Interview with Vampires and the Psychology of Our Desire for the Undead

Eater alert! This article contains major spoilers for the first five episodes of the first season of the AMC series “Anne Rice Interview with the Vampires”.

Among all the supernatural creatures that haunt pop culture, including zombies, werewolves, ghosts, and monsters, it’s the vampire that never dies. In recent movies, TV shows, books, plays or more recently, podcasts, vampires have always lurked in the shadows, waiting for their moment to reclaim the spotlight.

After years of flying under the radar, in 2022, vampires are once again flooding our TV screens, with four shows co-pearing Vampire Academyof Syfy Reginald the Vampireof Showtime let me inand AMC’s Anne Rice’s Interview with the Vampire – debuting in just two months.

Yet, even though we historically think of vampires as creatures of fear, all of these shows have one thing in common: the vampires they focus on are sympathetic, not monstrous. Moreover, in case Interview with the VampireIn particular, the main vampire characters Louie (Jacob Anderson) and Lestat (Sam Reed) are romantic figures, even as they crave human blood and engage in gruesome violence.

To adapt the 1976 novel by Anne Rice, the creative team behind Interview with the Vampire The author took a few liberties with the original story. Not only does it set the action in the early 1900s instead of 1791, but it adds a powerful exploration of race and racism by making both Louis and Claudia (Bailey Bass) into baby vampires created by Lestat to please Louis, Black.

This allowed the show to more clearly examine the power imbalance between Claudia, Louis, and Lestat, a white Frenchman who was also a vampire hundreds of years Louis and Claudia’s senior.

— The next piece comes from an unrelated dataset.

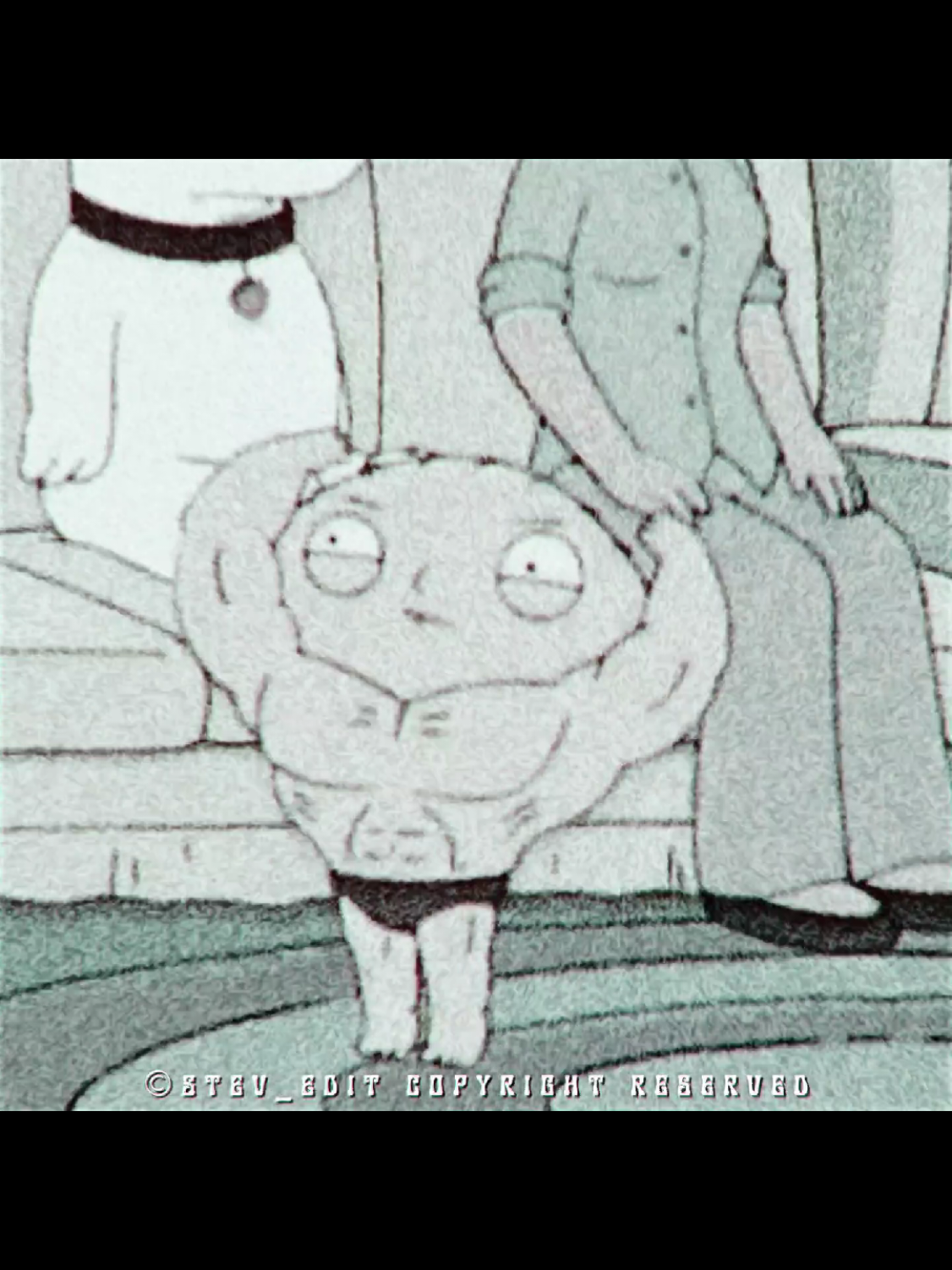 @𝑺𝑻𝑬𝑽_𝑬𝑫𝑰𝑻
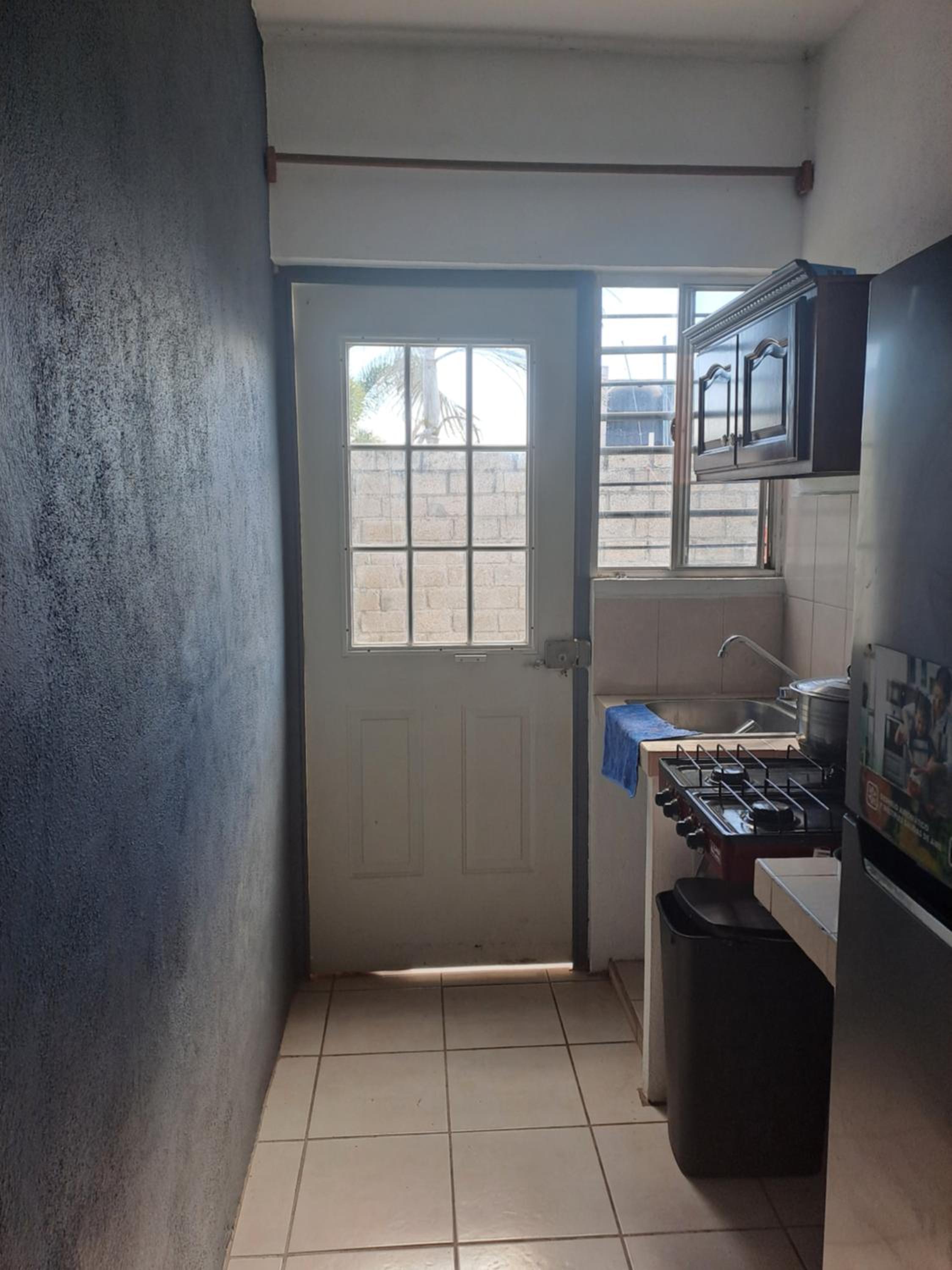 PARAISO EN PUNTA DIAMANTE, VISTA AL VOLCAN, VILLA DE ALVAREZ,COL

Additionally, many of the book’s subtexts are now text in the show. Of most interest (and excitement) to many viewers who are fans of the novels, the series makes it clear that Louis and Lestat are in a romantic relationship from the start.

Although Rice’s novel only hints that the pair’s relationship was sexual, the show establishes Lestat and Louis as a couple and tracks their relationship over the years. But the interviewer of the title, Danielle Malloy (Erica Boghossian), points out that Louie’s relationship with Lestat comes off as downright abusive, even if Louie doesn’t want to admit it. Confirming Malloy’s suspicions, and once again creating the subtext of the book’s text, in the show’s fifth episode, Louis suffers a horrific beating at the hands of Lestat.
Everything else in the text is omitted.